The supposed advantage of this model is that it creates a more dynamic, ever-changing environment that makes it much harder for a threat actor to inject malicious code into the supply chain. SolarWinds’ experts are currently working up whitepapers on the subject, and Ramakrishna says this model could have applicability beyond software development into other areas of the IT stack – as he notes, such attacks are likely to keep coming.
Ready for the future
Having implemented Secure by Design, and other accompanying measures such as improvements to security training for employees, Ramakrishna says SolarWinds is now much more confident in its risk mitigation and incident preparedness posture than it was a year ago.
“We are much more confident today,” he says, “but any company that says they have no risk, or have very little risk, is probably not fully aware of the types of risks that can be imparted upon them. So that’s where the humility aspect has to come into play.

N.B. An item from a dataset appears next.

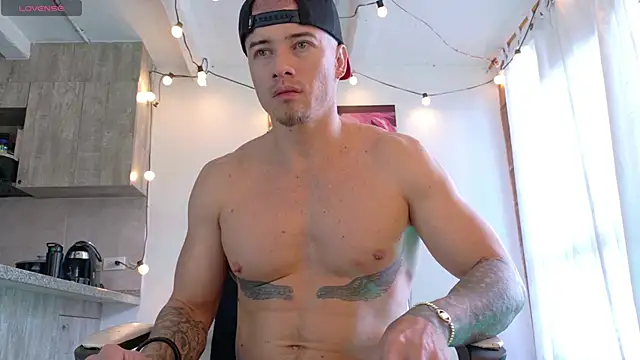 Snapshot of Ryannblue07 chatting on 10-04-25, 08:18 Ryannblue07 online show from 10-04-25, 08:18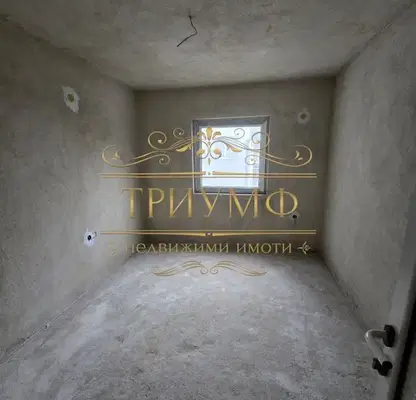 Снимка 4 — Многостаен апартамент във Варна, Левски 1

Sudhakar Ramakrishna, SolarWinds
“You’re confident that you’ve done the right things, you are confident that you’re training, you’re confident you have the right technology and the right policies, but you can never be assured that you don’t have risk. Constant vigilance and constant learning – that has to be the mindset of every security team, no matter what company you report into.”
With the impact of the cyber attack fading, Ramakrishna’s attention is also turning to future plans for SolarWinds. “We have a very broad portfolio of solutions that, thankfully, customers seem to benefit from and appreciate,” he says. “Our focus going forward is making our solutions a lot more simple and a lot more powerful for customers to consume. Training and budgets are a challenge, complexity is increasing, so in that world, what do we do to serve our customers better?
“We have now defined the notion of what we call SolarWinds Observability, which is integration on a common hybrid platform, automation and configuration at one level, observation of systems and databases and applications and users, visualising them, and taking automatic remediation steps through artificial intelligence and machine learning.”
More information on these ideas and proposals will be published before the year is out, as SolarWinds begins to articulate its 2022 plans externally. With any luck, SolarWinds’ people will have an altogether quieter holiday season before getting back to work on making them a reality.